Furthermore, in the VDD/2 and pulse concept, charge injection and capacitive coupling of the selector transistor or transfer gate give rise to interference pulses.
Finally, in the NAND concept, the voltage drop across the transistors resulting from the current that flows during the reading and writing of a memory cell causes interference pulses.
In the VDD/2 concept there are two approaches to solving the leakage current problem: both are based on the fact that the charge which flows away through the disabled PN junction is replenished either continuously or cyclically by the selector transistor of the memory cell. However, it is possible to switch on the selector transistors continuously only as long as the memory array is not being accessed. However, if the memory array is in fact accessed, just one word line of the memory cell field may be active, while all the other word lines must be switched off. After the memory access, all the word lines must then be switched on again, which gives rise to a large increase in the power requirement due to the high capacitive load. Cyclical switching on of the selector transistors also has the disadvantage that the leakage current gives rise to interference pulses at the storage capacitors between the cycles and these interference pulses can at most be limited in terms of their amplitude.
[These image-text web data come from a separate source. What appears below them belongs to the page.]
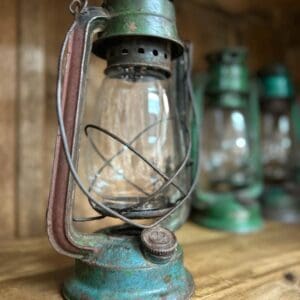 A green and blue vintage hurricane lantern sitting on top of a wooden table.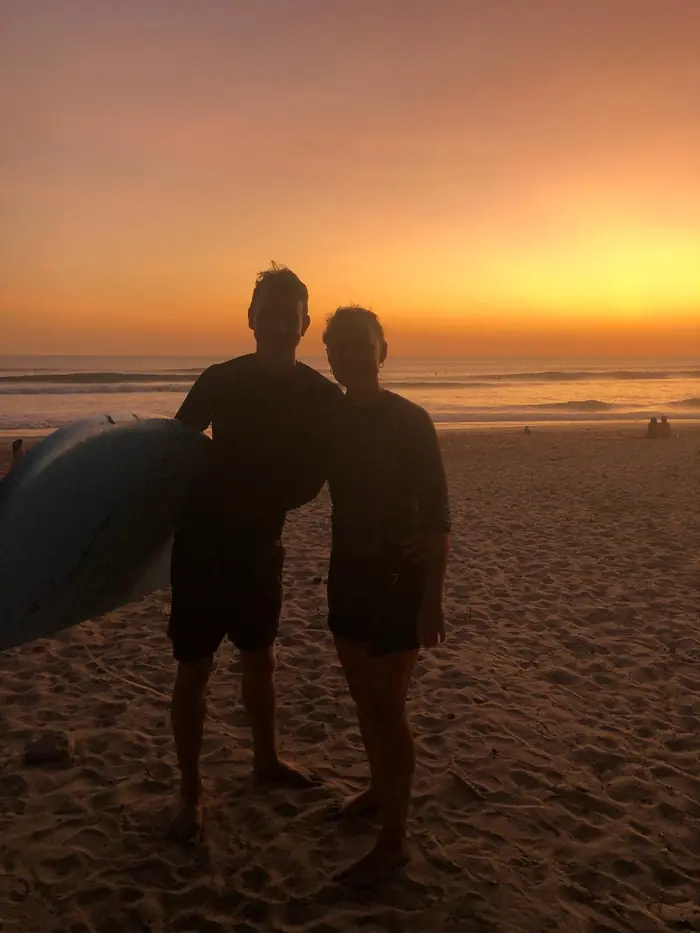 Dos surfistas en la playa al atardecer
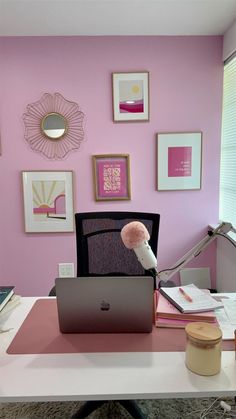 a laptop computer sitting on top of a white desk in front of a pink wall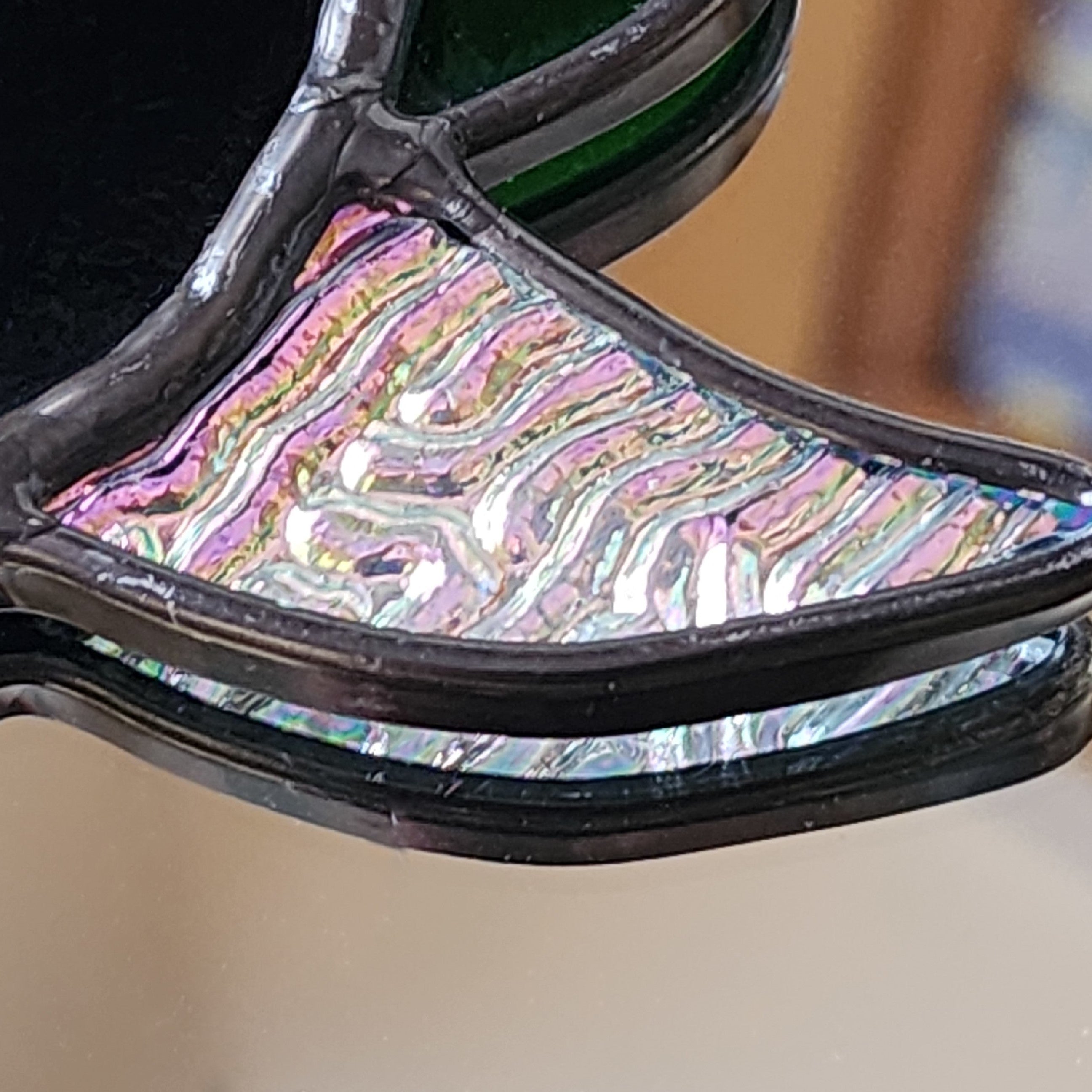 Close-up of a stained glass hummingbird wing with  vibrant, iridescent pink, purple, and silver 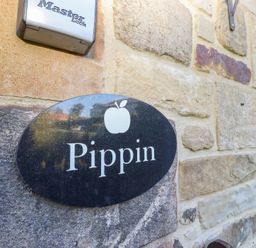 A sign reading Pippin on a stone wall at Pippin in Lucker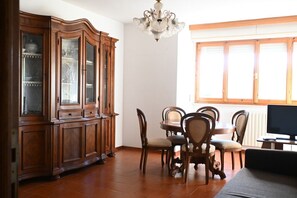 Un comedor con un armario de madera, una araña, una mesa de comedor con sillas y un televisor.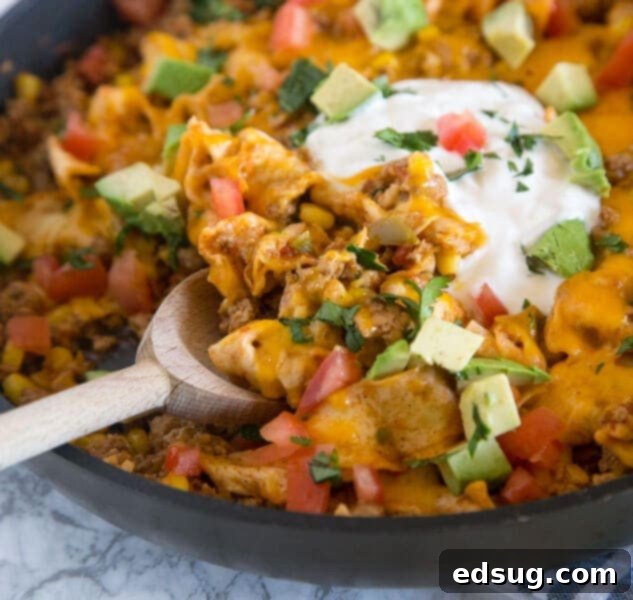 A hearty Beef Burrito Skillet, a one-pan meal resembling a deconstructed beef burrito, garnished with fresh cilantro.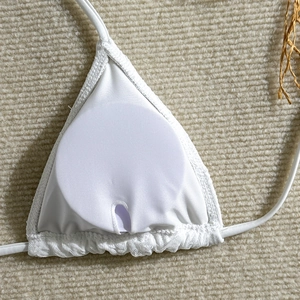 Close-up of white bikini top showing lace trim and removable bra pad insert design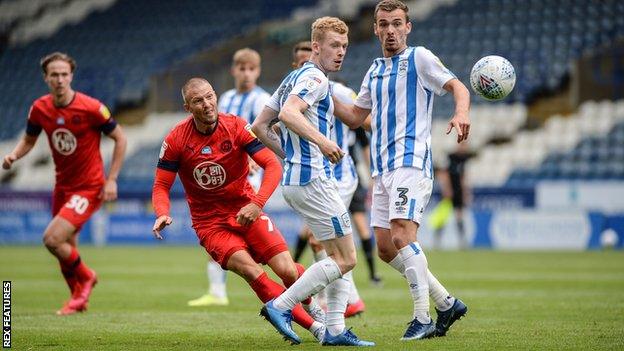 Anthony Pilkington scores for Wigan against Huddersfield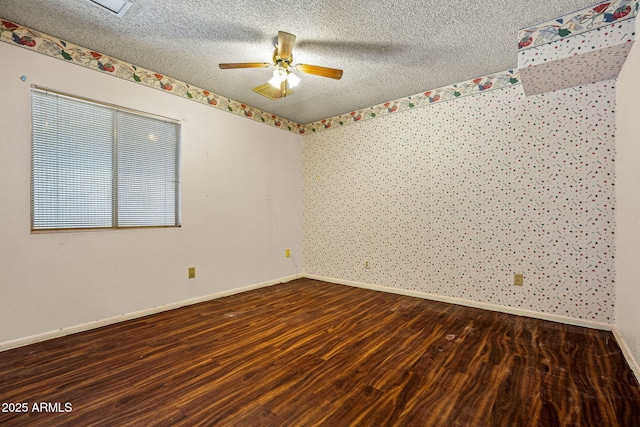 6015 W Acoma Dr, Glendale, AZ 85306 - empty room with wood finished floors, a textured ceiling, and ceiling fan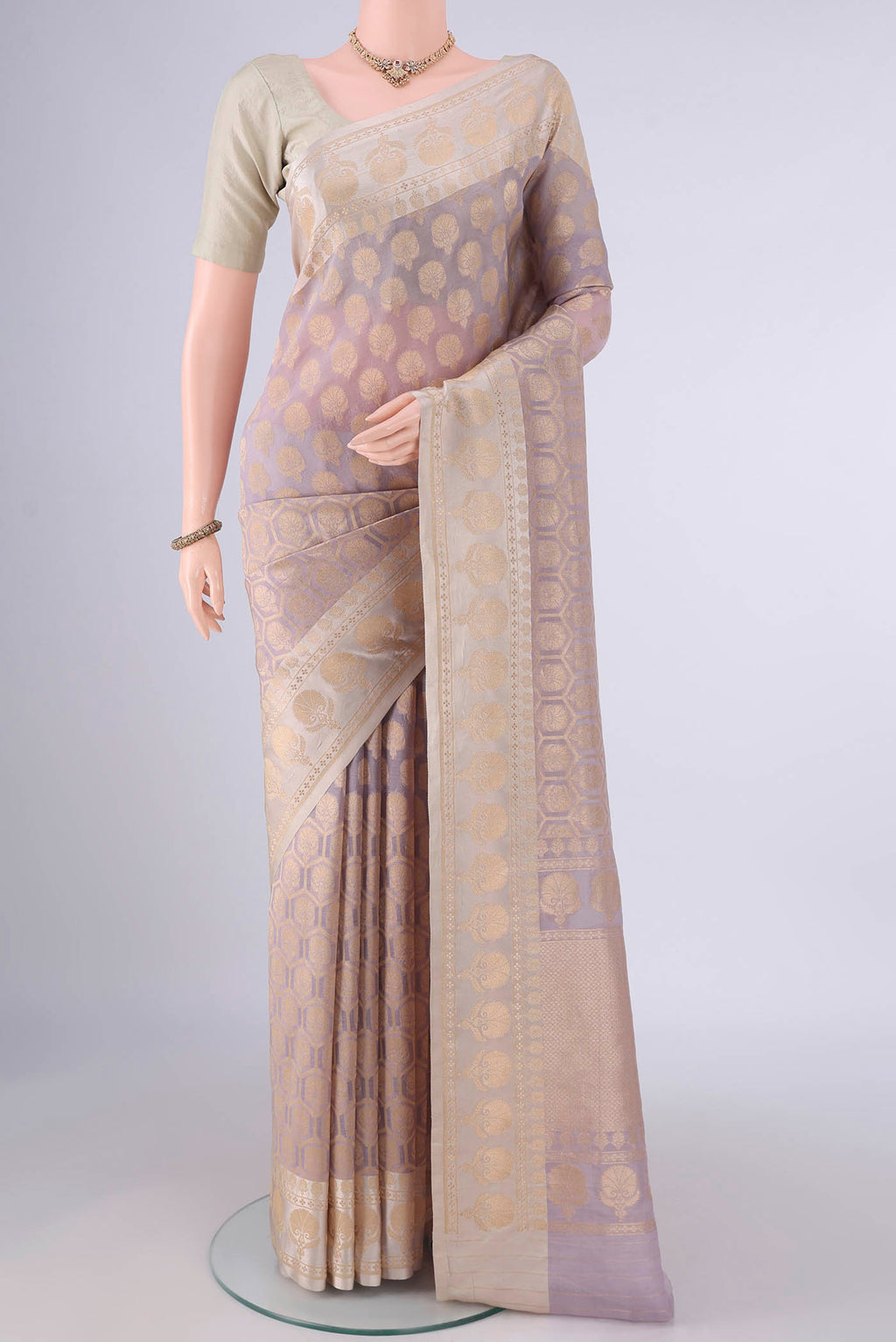 Pure Silk Mauve Banarasi Saree with Zari Butta on the body and Zari Border.  displayed on a mannequin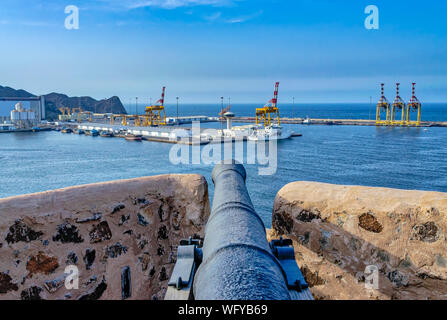 Alte Kanone auf das Fort Watch Tower auf den Hafen und das Meer mit blauer Himmel zeigt. Von Muscat, Oman. Stockfoto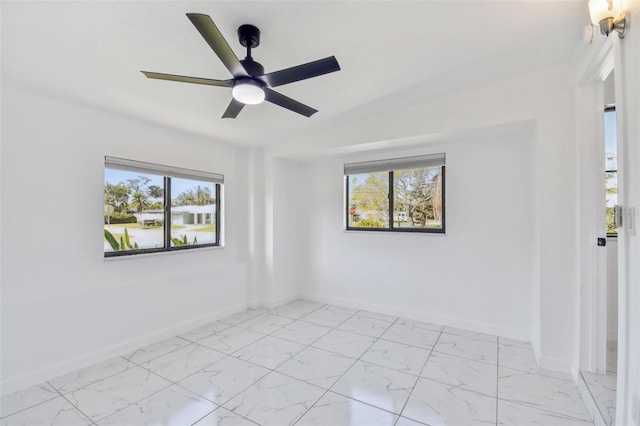 unfurnished room with plenty of natural light, baseboards, and marble finish floor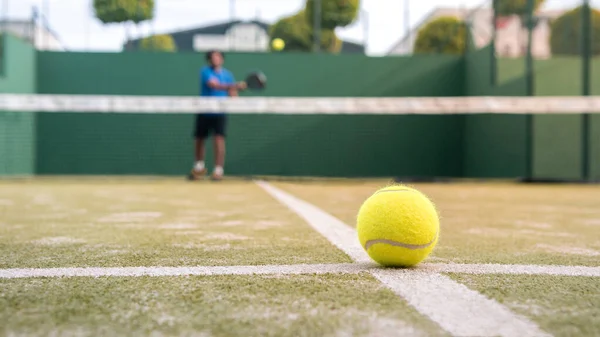 Yellow ball on floor behind paddle net in green court outdoors. Man who playing padel tennis. Caucasian player sportsman hitting balls. Racquet sport game concept.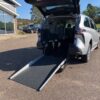 Silver Toyota Sienna with Driverge Rear Entry Manual Fold Out conversion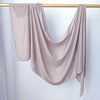 Un foulard modal de couleur beige clair drapé sur un cintre en bois.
An aggravating factor is that the leakage current of a disabled PN junction is not only subject to severe fluctuations but also rises considerably with the temperature.
In the pulse concept, in order to save chip area and keep the memory array as small as possible, usually twice as many storage capacitors are connected to a common electrode rail than are addressed during a reading or writing access. In order to avoid this, the area of a memory cell would have to be substantially increased, which is, however, not a desirable aim for reasons of costs.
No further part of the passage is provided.